8. Outside Directors. The Company hereby covenants that upon
consummation of a Business Transaction, as such term is defined in the Company's
Registration Statement and Prospectus, the board of directors of the surviving
company will include at least two independent directors that are reasonably
acceptable to Xxxxx.
9. Authorization by Company. The Company represents and
warrants to Xxxxx that this Agreement has been duly authorized, executed and
delivered by the Company and constitutes a valid and binding obligation of the
Company.
10. Notice. Whenever notice is required to be given pursuant
to this Agreement, such notice shall be in writing and shall be mailed by first
class mail, postage prepaid, addresses (a) if to Xxxxx, at 00 Xxxxxxxx, Xxx
Xxxx, Xxx Xxxx 00000, Attention: Xxxxxx X. X'Xxxxx, Xx. and (b) if to the
Company or ICG, at 000 Xxxxxxxxx Xxxx, Xxxxxxxxx, Xxxxxxxxxxx 00000, Attention:
Xxxxxxx Xxxxxx.
11. Governing Law. This Agreement shall be construed (both as
to validity and performance) and enforced in accordance with and governed by the
laws of the State of New York applicable to agreements made and to be performed
wholly within such jurisdiction.
12. Parties.

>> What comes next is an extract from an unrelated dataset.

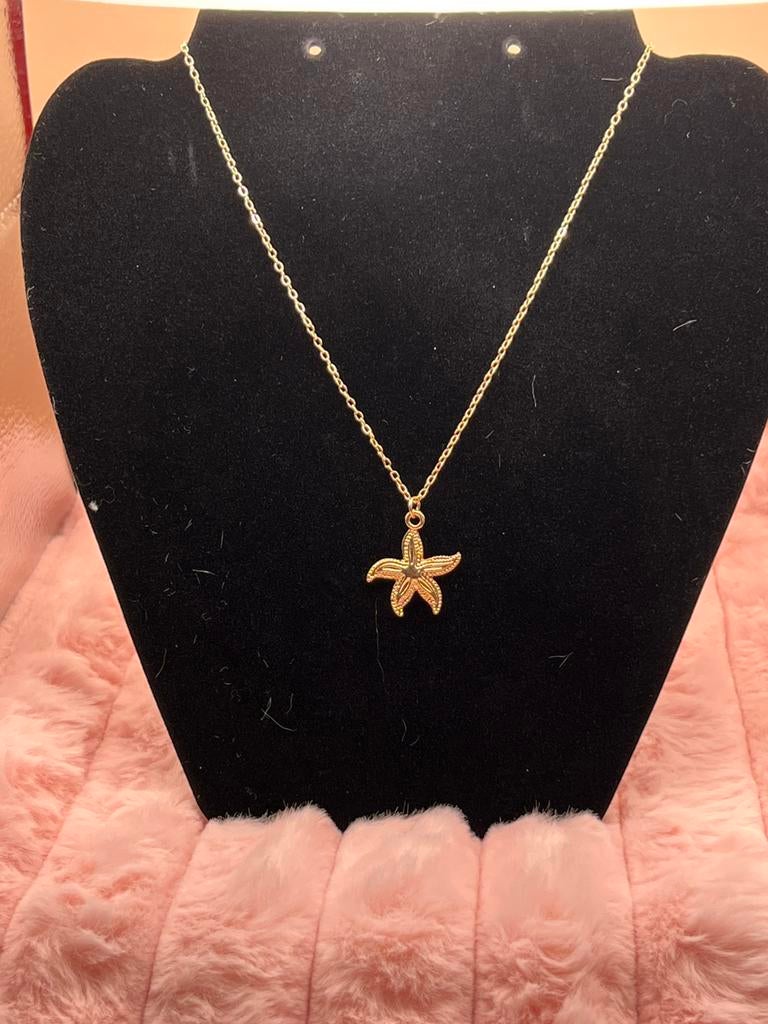 Goudkleurige ketting zeester, Sieraden, Tassen en Uiterlijk, Ophalen of Verzenden, Nieuw, Goud, Overige materialen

This Agreement shall inure solely to the benefit
of and shall be binding upon, Xxxxx and the Company (and ICG with respect to
paragraph 7 hereof) and the controlling persons, directors and officers referred
to in paragraph 7 hereof, and their respective successors, legal representative
and assigns, and no other person shall have or be construed to have any legal or
equitable right, remedy or claim under or in respect of or by virtue of this
Agreement or any provision herein contained.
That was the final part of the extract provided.